Remplacer complètement le clavier

Le bépo et le Dvorak font partie des dispositions les plus connues, mais d’autres existent, souvent adaptées à des usages très spécifiques. Le Programmer Dvorak, par exemple, a été conçu pour faciliter le travail des développeurs. Ou encore le Colemak, une disposition inspirée du Dvorak, mais plus simple à appréhender pour le grand public.

De la même manière qu’il est possible de passer de l’azerty au qwerty en une combinaison de touches, la plupart des dispositions alternatives sont faites pour fonctionner sur un clavier traditionnel. Pourtant, beaucoup critiquent sa forme ancestrale. Par exemple, les rangées de touches sont décalées en raison de la construction des machines à écrire – il fallait éviter que les touches s’emmêlent les unes dans les autres durant la frappe. Par la suite, cette disposition n’a pas été changée pour ne pas bouleverser les habitudes du public, explique Olivier Guéry.

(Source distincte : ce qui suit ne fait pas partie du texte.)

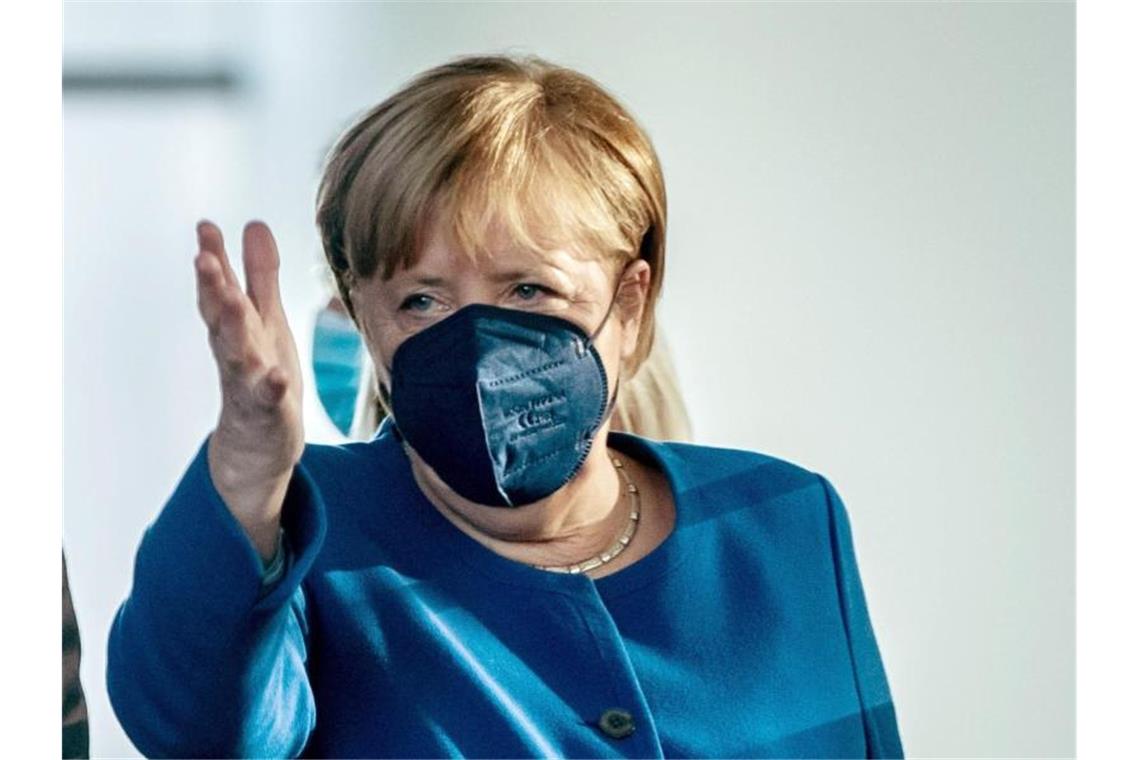 Corona-Lage immer kritischer - Merkel: „Rasch Handeln“ „Das Coronavirus nimmt keine Rücksicht darauf, ob wir gerade eine geschäftsführende Regierung haben, ob wir gerade Koalitionsverhandlungen haben“: Angela Merkel. Foto: Kay Nietfeld/dpa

Des entreprises comme Kinesis et Maltron vendent aujourd’hui des claviers alternatifs à des communautés d’internautes pointus qui cherchent des outils plus adaptés à leurs besoins. Parmi eux, on trouve notamment les claviers séparés en deux parties, chacune pilotée par une main différente. Ces claviers dits « ergonomiques » ont connu une très grande popularité dans les années 1990, explique le site Deskthority. L’an dernier, le projet de clavier séparé Ergodox a réuni suffisamment d’acharnés pour lever plus de 300 000 dollars sur le site de financement participatif IndieGoGo.

Pour Jeff, il existe même des questions de santé. « Le clavier traditionnel cent cinq touches avec clavier numérique met quarante centimètres de distance entre la souris et le clavier pour un gaucher, ça l’oblige à tourner le coude et à faire des efforts », explique-t-il. « C’est un problème de santé au travail qui n’est pas reconnu », déplore le retraité, qui évoque des risques de troubles moteurs pour certains utilisateurs.

Toutes ces alternatives à la disposition azerty et au bon vieux clavier cent cinq touches semblent réservées à un petit public de passionnés. Jusqu’ici, il n’est toujours pas possible d’utiliser le bépo sur Mac ou Windows sans télécharger et installer la disposition, ni sans faire de recherches. La communauté aimerait que le bépo soit disponible par défaut mais semble avoir du mal à imposer ses arguments. « On peut se battre pendant des heures sur l’emplacement d’un caractère, mais on n’arrive pas à envoyer un courriel à Microsoft ou Apple », soupire Olivier Guéry.